**EXERCISE INPUTS:**
========================================
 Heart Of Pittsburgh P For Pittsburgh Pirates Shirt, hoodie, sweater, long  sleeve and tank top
========================================
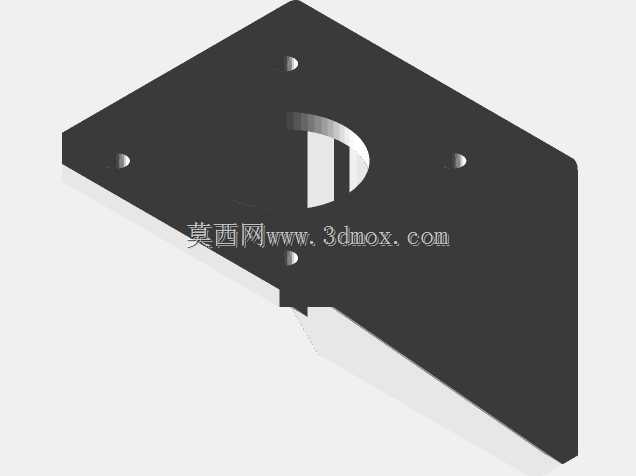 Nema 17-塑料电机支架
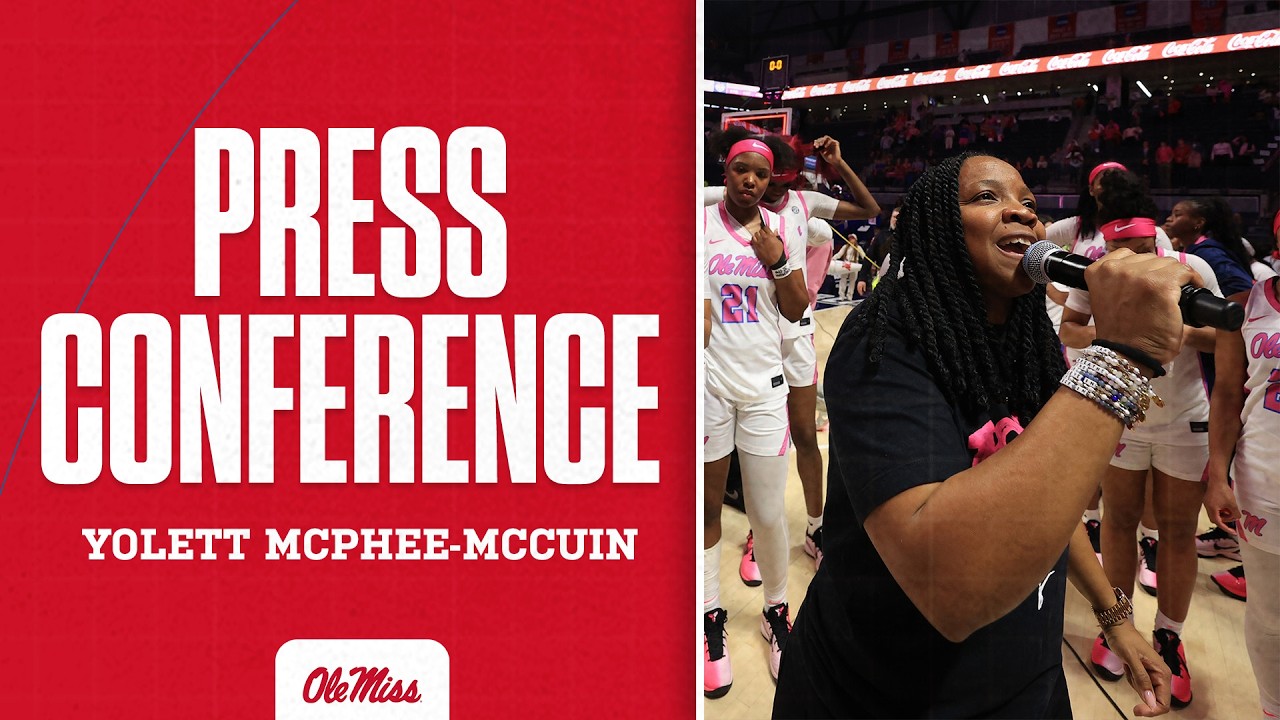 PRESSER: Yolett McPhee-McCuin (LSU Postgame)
========================================
Only one stretch of the entries above is needed: the lines from the one containing "Nema 17-塑料电机支架" through the one containing "PRESSER: Yolett McPhee-McCuin (LSU Postgame)". Copy it exactly, without the pictures.

**ANSWER TO THIS TASK:**
 Nema 17-塑料电机支架
 PRESSER: Yolett McPhee-McCuin (LSU Postgame)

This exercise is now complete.